Arauz de Robles, que niega la inconstitucionalidad que alega el Supremo de convertir una relación temporal en fija por no haber superado una oposición, subraya además que el Supremo dice varias veces en la sentencia que es el legislador el que debe efectuar las reformas necesarias para introducir medidas sancionadoras y disuasorias de la situación abusiva.
"La elevada y persistente tasa de temporalidad evidencia que en muchas administraciones públicas hay una cultura de la temporalidad que sólo podrá ser atajada por la acción del legislador, en particular estableciendo claras y efectivas responsabilidades individuales a quienes incurran en ella. Los trabajadores que han sufrido dicho abuso en la temporalidad deben recibir la correspondiente respuesta del legislador, respetando los principios de igualdad, mérito y capacidad", alega el Alto Tribunal.

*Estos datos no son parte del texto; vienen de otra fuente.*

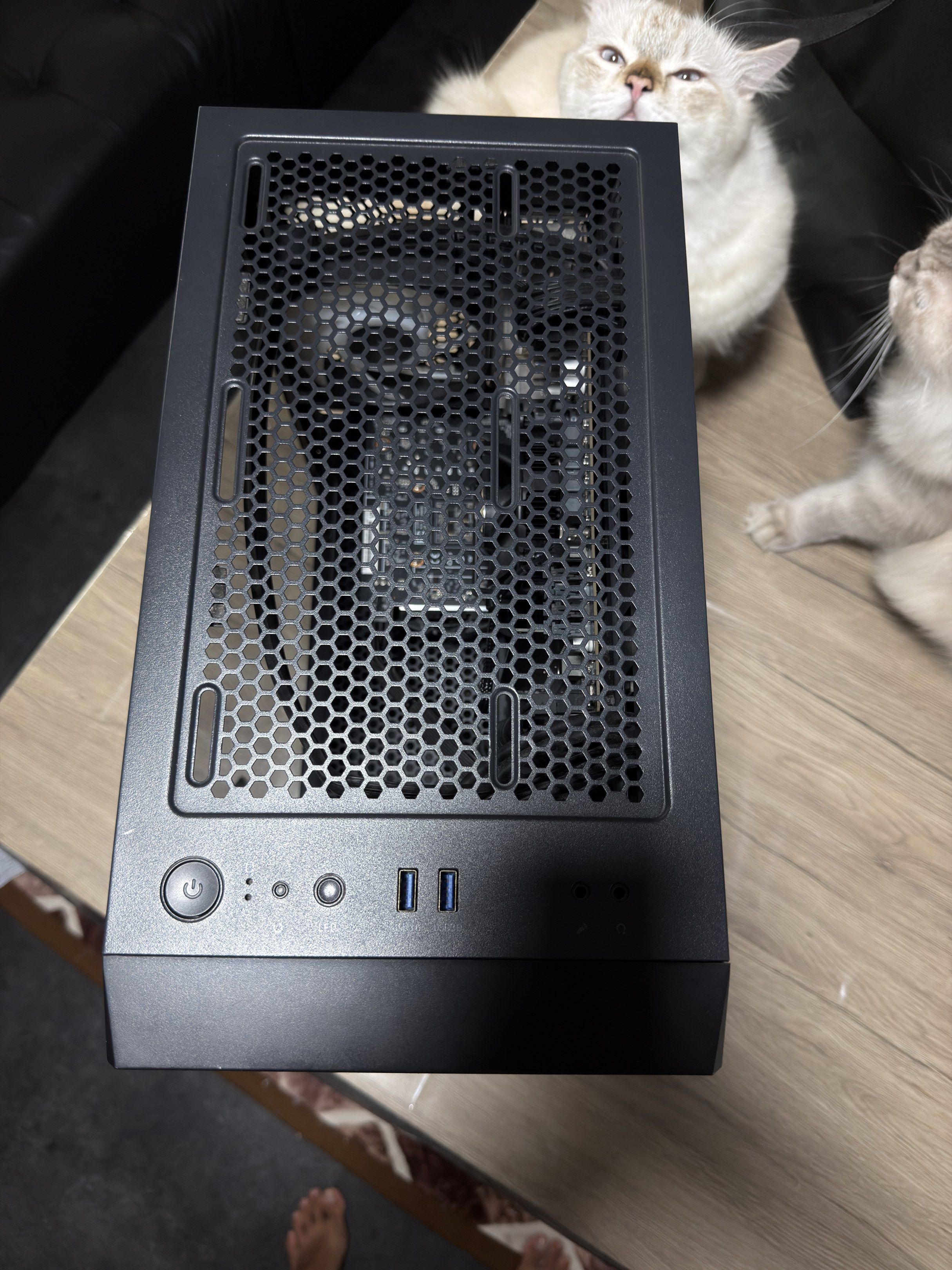 Aftershock Desktop PC - Gaming PC65561097458434114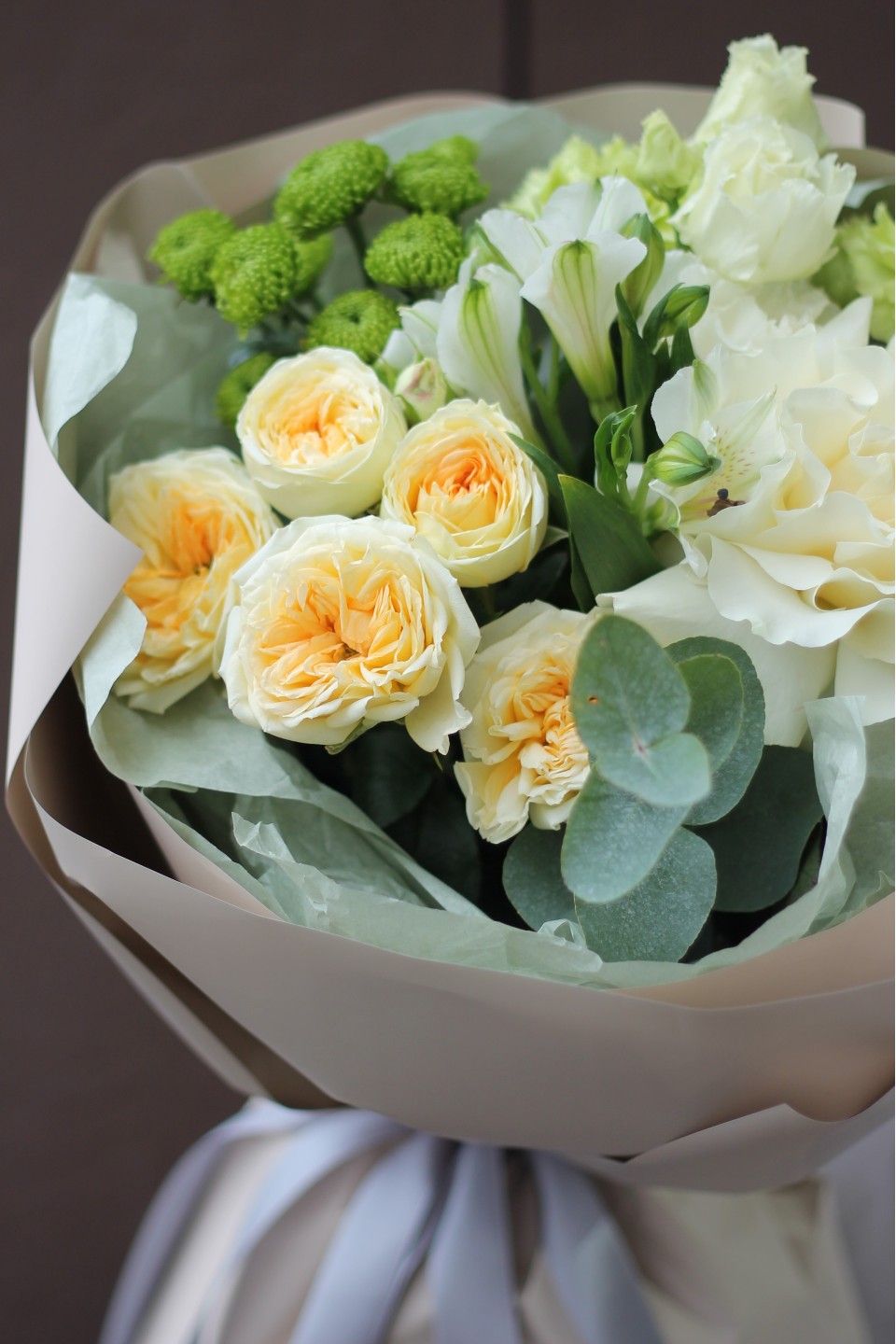 Букет с французской розой Кокилье - подарочное оформление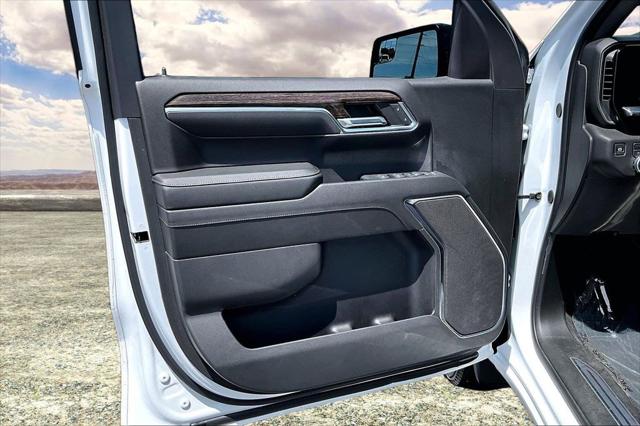 2024 GMC Sierra 1500 4WD Crew Cab Short Box Elevation with 3VL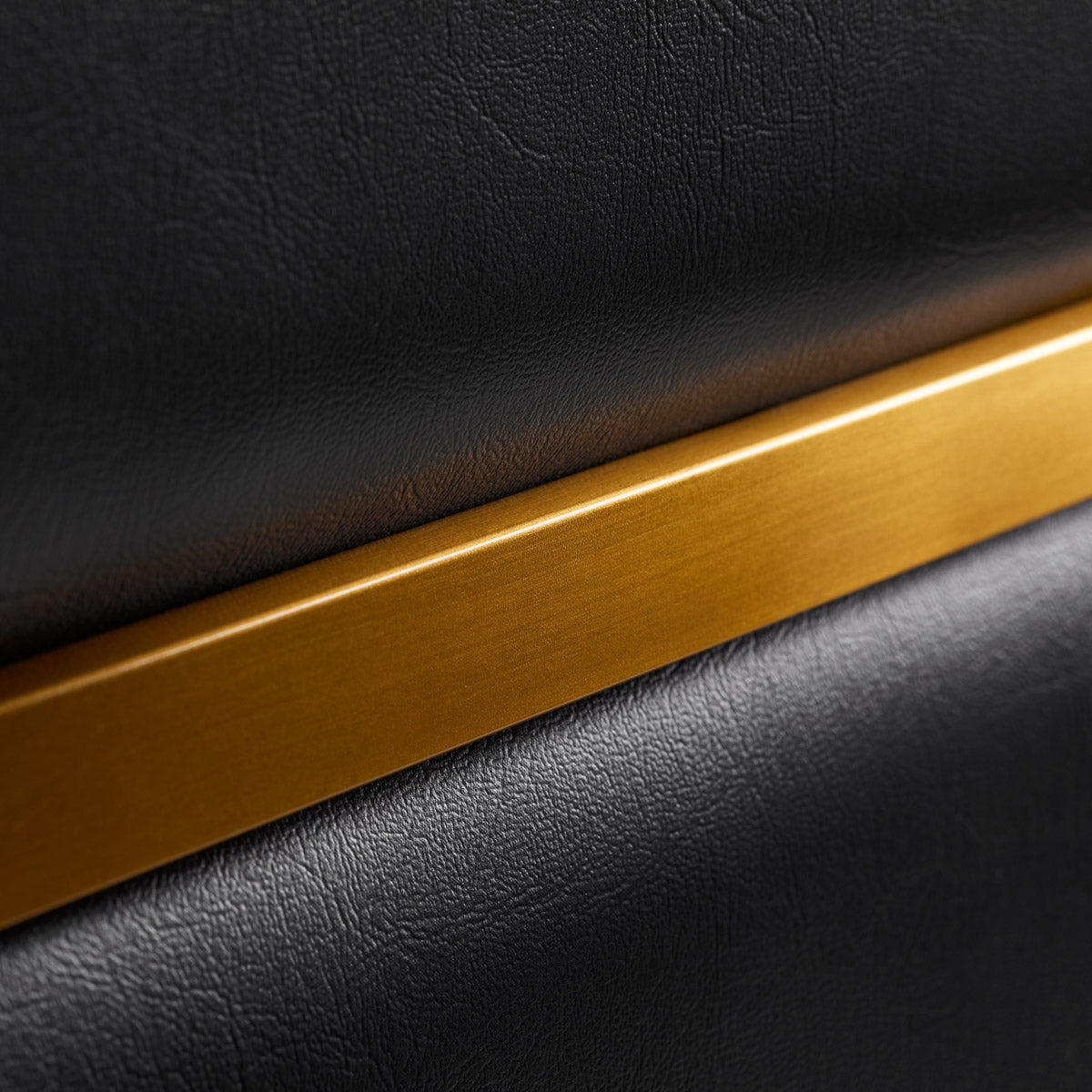 ActiveShop Gabbiano Friseurstuhl Toledo Gold Schwarz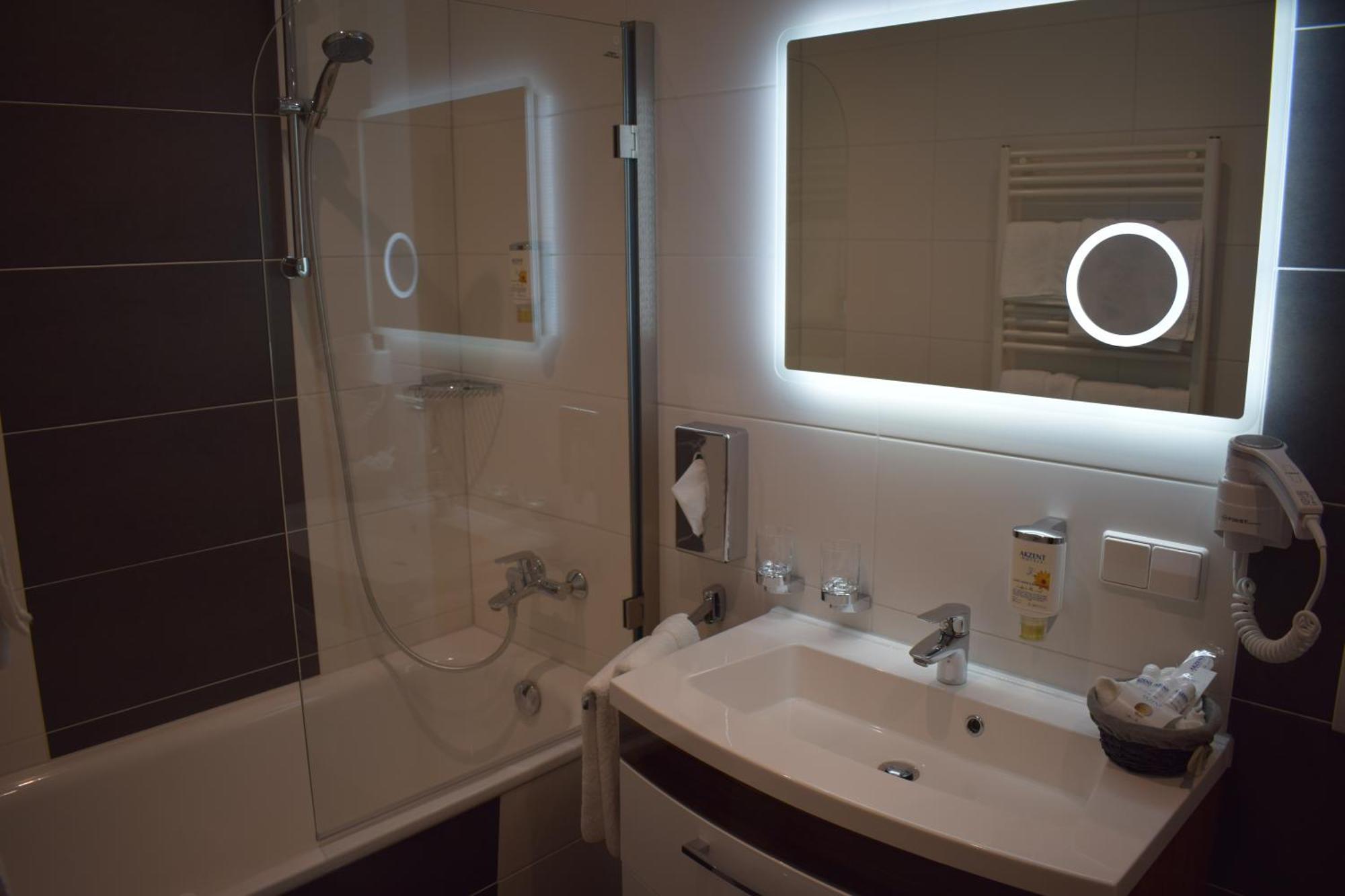 Akzent Hotel Goldner Hirsch كامينز المظهر الخارجي الصورة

Aunque considera que la sentencia no es definitiva, Arauz de Robles sí considera que es "un paso para adelante que calla muchas bocas" que decían que la fijeza no era una solución posible al abuso de la temporalidad en las administraciones públicas, aunque esta fijeza no la extienda, de momento, a todos los empleados públicos que encadenan contratos temporales.
"Estoy convencido de que el TJUE volverá a dar un varapalo importante en las nuevas sentencias a ésta, de que la Comisión Europea continuará con el procedimiento de infracción (a España) porque no se va a considerar satisfecha con esta sentencia y de que el legislador tendrá que legislar cumpliendo el mandato de la Unión Europea y buscar una solución más equitativa y más justa de la que aporta esta sentencia de la Sala de lo Social del Tribunal Supremo", concluye.